[Instructions for the task]:
Within the material below, find each line bearing the word "Motorola" and present it.

[Material shown]:
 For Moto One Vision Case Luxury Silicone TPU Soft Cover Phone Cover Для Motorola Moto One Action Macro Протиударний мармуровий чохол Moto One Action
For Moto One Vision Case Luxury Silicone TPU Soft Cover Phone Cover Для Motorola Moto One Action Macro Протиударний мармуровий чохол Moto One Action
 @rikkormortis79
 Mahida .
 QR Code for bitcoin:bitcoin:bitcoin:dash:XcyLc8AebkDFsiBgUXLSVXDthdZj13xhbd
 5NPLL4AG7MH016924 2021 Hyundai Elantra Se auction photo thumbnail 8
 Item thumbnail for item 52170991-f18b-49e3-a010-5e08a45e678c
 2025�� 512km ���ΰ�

---

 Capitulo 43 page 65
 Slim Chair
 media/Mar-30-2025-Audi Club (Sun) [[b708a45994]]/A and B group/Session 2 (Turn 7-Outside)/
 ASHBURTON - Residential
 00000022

[Answer to this exercise]:
 For Moto One Vision Case Luxury Silicone TPU Soft Cover Phone Cover Для Motorola Moto One Action Macro Протиударний мармуровий чохол Moto One Action
For Moto One Vision Case Luxury Silicone TPU Soft Cover Phone Cover Для Motorola Moto One Action Macro Протиударний мармуровий чохол Moto One Action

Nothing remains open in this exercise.